Silyl vinyl cations enable mild C-C bond formation

Chemical bonds between carbon atoms are omnipresent in Nature since they constitute the backbone of all living matter at a molecular level. Thus, synthetic chemists have long been interested in methods for their selective construction to build up compounds of functional or biological interest (ranging from pharmaceuticals to materials to cosmetics). One of the most efficient processes for carbon-carbon bond formation requires the use of transition metal catalysts such as palladium. However, such metals tend to be expensive and their natural abundance is dwindling. An alternative which has gained pace in recent years is to make use of skeletal rearrangements that achieve often dramatic modifications of the linkages between atoms. The Maulide group has been working on the latter, metal-free alternative for several years, and has recently developed a technique in which a positively charged high-energy intermediate (termed a vinyl cation) is harnessed for such a rearrangement. However, this method is still in its infancy and displays strong drawbacks namely the requirement for high reaction temperatures and a structural limitation in terms of the substituents surrounding the so-called vinyl cation. This proposal aims at using silicon as a stabilizing element for vinyl cations, thus enabling milder conditions and a much broader scope for the overall process. Several variations of this reaction as well as the use of the obtained products in further carbon-carbon bond forming reactions will also be explored. These ultimately pave the way for complex reaction sequences with the ability to rapidly increase molecular complexity starting from rather simple building blocks.

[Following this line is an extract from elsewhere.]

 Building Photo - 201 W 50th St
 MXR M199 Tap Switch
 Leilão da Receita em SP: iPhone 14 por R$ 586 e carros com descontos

Chemical bonds between carbon atoms are omnipresent in Nature since they constitute the backbone of all living matter at a molecular level. Thus, synthetic chemists have long been interested in methods for their selective construction to build up compounds of functional or biological interest (ranging from pharmaceuticals to materials to cosmetics). One of the most efficient processes for carbon-carbon bond formation requires the use of transition metal catalysts such as palladium. However, such metals tend to be expensive and their natural abundance is dwindling. An alternative which has gained pace in recent years is to make use of skeletal rearrangements that achieve often dramatic modifications of the linkages between atoms. However, this type of transformations features the formation of a positively charged high-energy intermediate which requires harsh conditions. This project enabled the development of milder conditions for this transformation by using silicon as a stabilizing element for the intermediate. Therefore, this reaction could be extended to the formation of different molecular skeletons which were not accessible with the previously-developed method.